Because it was the first time and they didn’t know what kind of response they’d get, especially from the seniors, a questionnaire was prepared for the seniors to fill out.
“I think the guidelines we set up are still the same: Students are not allowed to leave and return, and door prizes are increasing in value over the evening as an added incentive to remain,” she said.
The committee also felt it was important to charge the seniors something so they would have a vested interest. Tickets were $6.
That first year, 200 seniors, their guests and 30 parents attended. They raised $4,677 and spent $4,123, leaving the balance for the Class of 1985. The first night, $1,200 was given away in door prizes.
“It’s hard to believe our son graduated 30 years ago in May,” Johnson said. “And it’s quite a tribute to our community that the tradition carries on.”
Three years after the first Senior Night Party, she was chairwoman for her daughter’s senior class in 1987.
“It was a little easier, since we were not breaking new ground,” she said.
Another volunteer area for Johnson is Friends of the Library. Ruth Gionta, Mary Elizabeth Box and Johnson organized the first group in the early ‘70s.

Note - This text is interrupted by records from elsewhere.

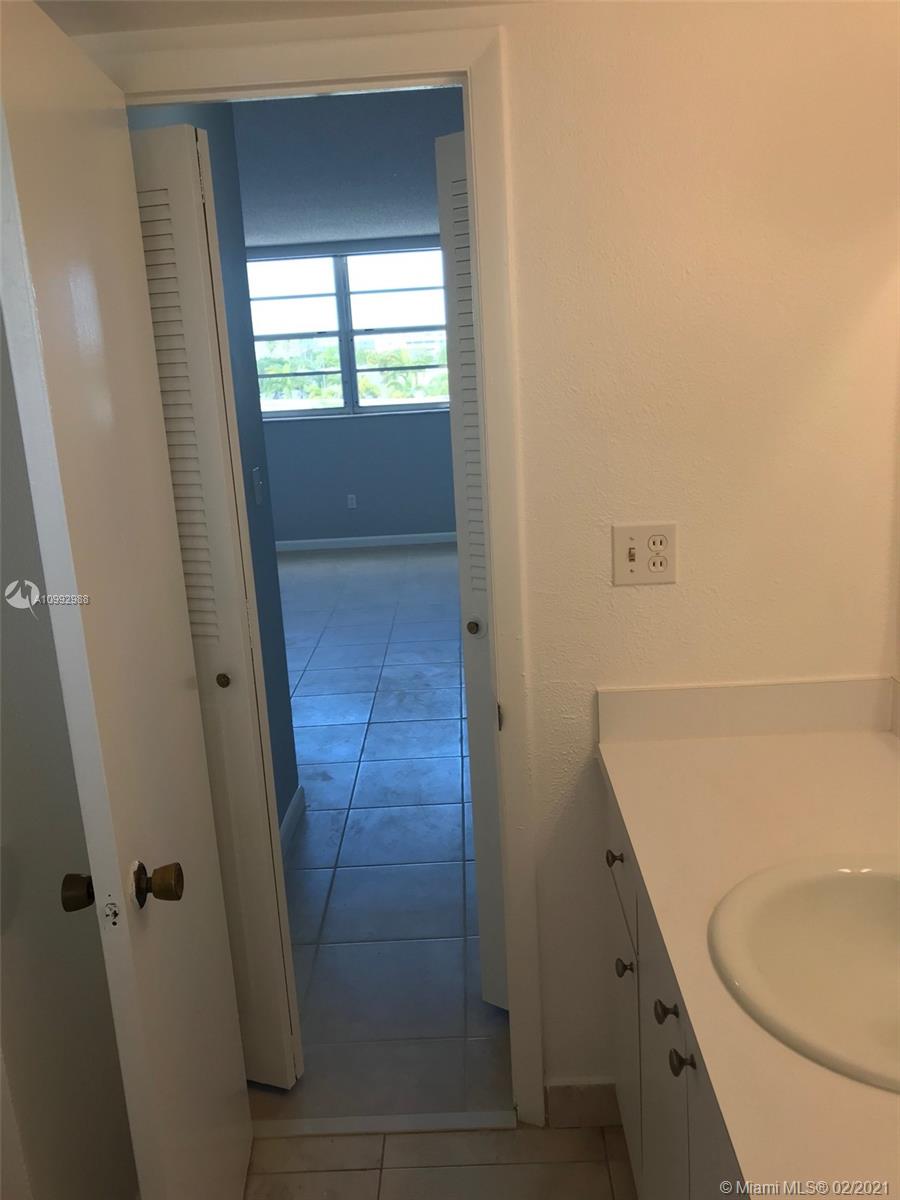 THREE SEASONS - Residential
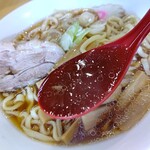 手打ちラーメン 清仁軒 - 【2022.5.31(火)】懐かしの醤油ラーメン(手打ち麺・並盛・150g)780円のスープ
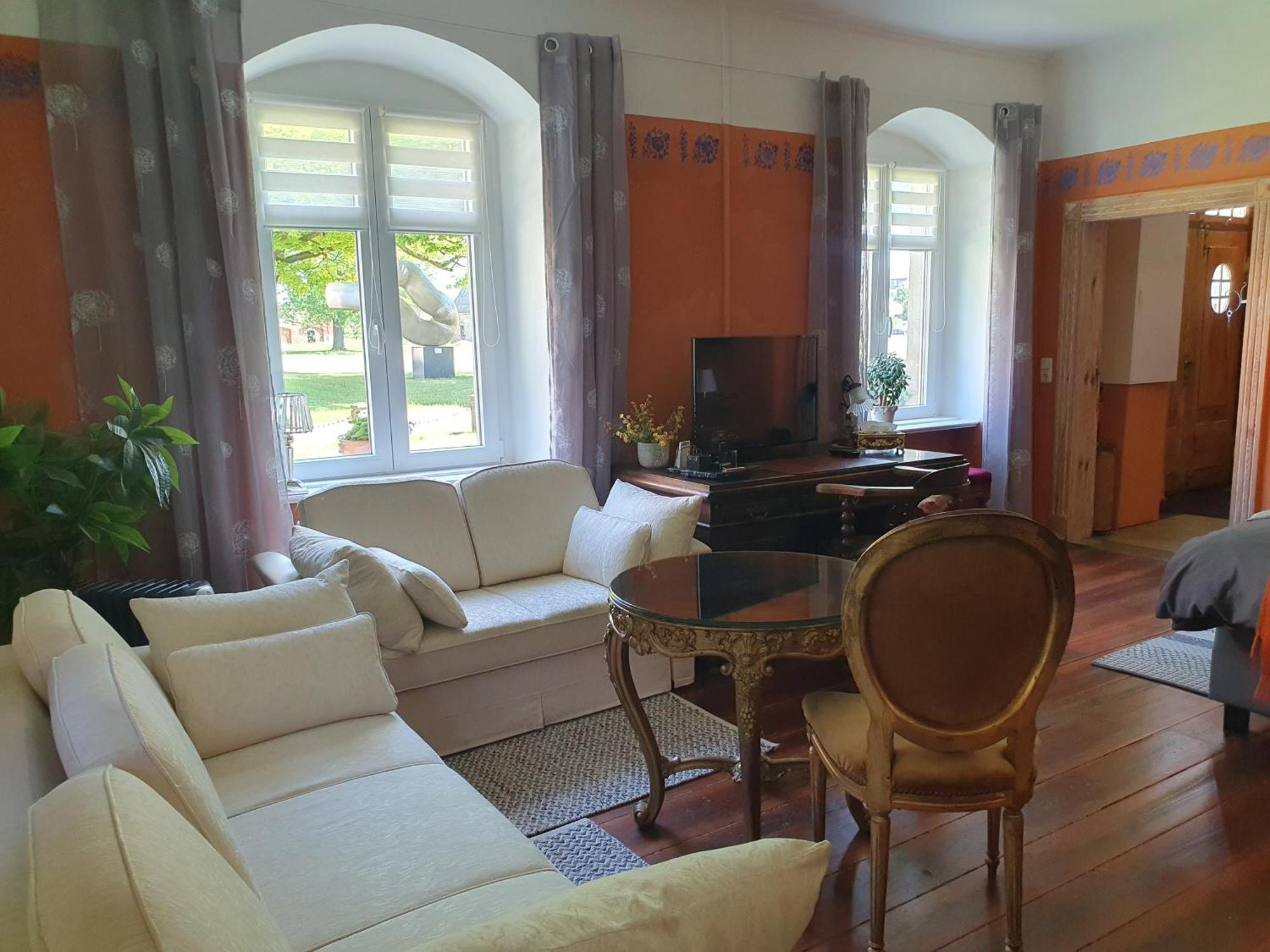 Gesindehaus Am Schloss Kummerower See Kummerow  外观 照片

“I am delighted it is still an active organization,” she said. “One of our major events was hosting Wilson Rawls for a book-signing during the filming of ‘Where the Red Fern Grows.’”
As a volunteer, Johnson also served in several capacities with the Tahlequah Arts and Humanities Council. But her favorite projects always revolved around her children: PTA, homeroom mother, Blue Birds, Cub Scouts, booster clubs for sports.
“In fact, a major motivation for all volunteering was to make our community a better place for all our children to grow,” Johnson said.
Organizations she appreciates for the value they bring to the community also relate to helping children.
“I greatly admire those volunteers involved with Habitat for Humanity, Help-In-Crisis and Court Appointed Special Advocates,” she said. “It’s a dedicated commitment.”